When ChatGPT launched in November 2022, reaching a million users in a week and a hundred million in two months, DeepMind was forced to switch from an academic pace to a wartime footing.
Hassabis's exact words to *The Infinite Machine* author Sebastian Mallaby: OpenAI and Microsoft "brought the war machines right to our doorstep."

In wartime footing, ethical red lines were quickly crossed.
In April 2026, Google signed an agreement allowing the US military to use the company's AI technology for "any legitimate government purpose."
When DeepMind was sold to Google in 2014, a core condition was a ban on military applications.
Twelve years later, the condition expired.
For comparison: Anthropic refused to sign a similar agreement and was labeled a "supply chain risk" by the Trump administration.
When asked about this, Legg could only leave a comment:
As these things are used in all sorts of ways, we will face more and more difficult problems.
Hassabis himself admitted to a loss of control.
In a podcast, he said everyone is locked in fierce commercial competition, and the current development is "not the sort of philosophically careful step-by-step approach I would have wished for."
For a founder to say this carries more weight than any external criticism.
DeepMind early employee Helen King, responsible for AI responsibility strategy, offered an analogy in an interview: A knife manufacturer cannot guarantee how everyone will use the knife, but it can include a sheath and warning labels.
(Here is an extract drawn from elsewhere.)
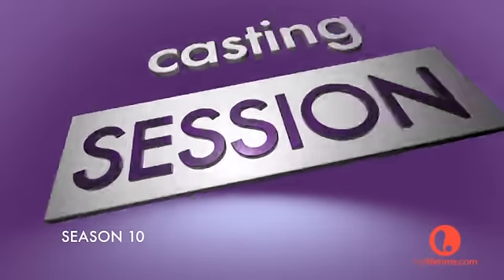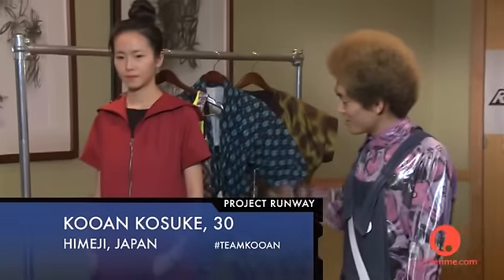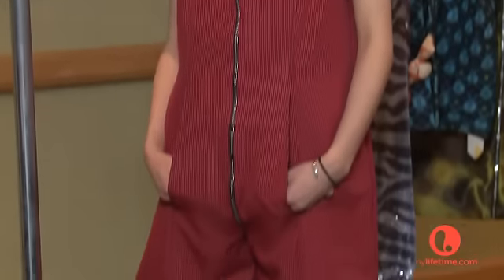How are you? Good. This is a sailor color jumpsuit. I like jumpsuits because you can just wear.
It's one thing to put a knife with a sheath in a drawer;
It's another to cover every surface of homes, classrooms, and workplaces with blades, while insisting that we won't survive tomorrow without using them.
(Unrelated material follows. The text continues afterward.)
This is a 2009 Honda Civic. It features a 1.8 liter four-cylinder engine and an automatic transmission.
Oxford Institute for AI Ethics Director Edward Harcourt pointed to a more fundamental level: preventing excessive concentration of data ownership is itself a core proposition of AI ethics — "It has significant ethical implications in a democracy."

The Question Returns to Its Origin
Gabriel's team has shifted from researching the ethics of specific products to studying the systemic impact of AGI on the economy, politics, and interpersonal relationships.
He anticipates a scale of change comparable to the Industrial Revolution, and also remembers its lesson:
Before things got better, they first got worse.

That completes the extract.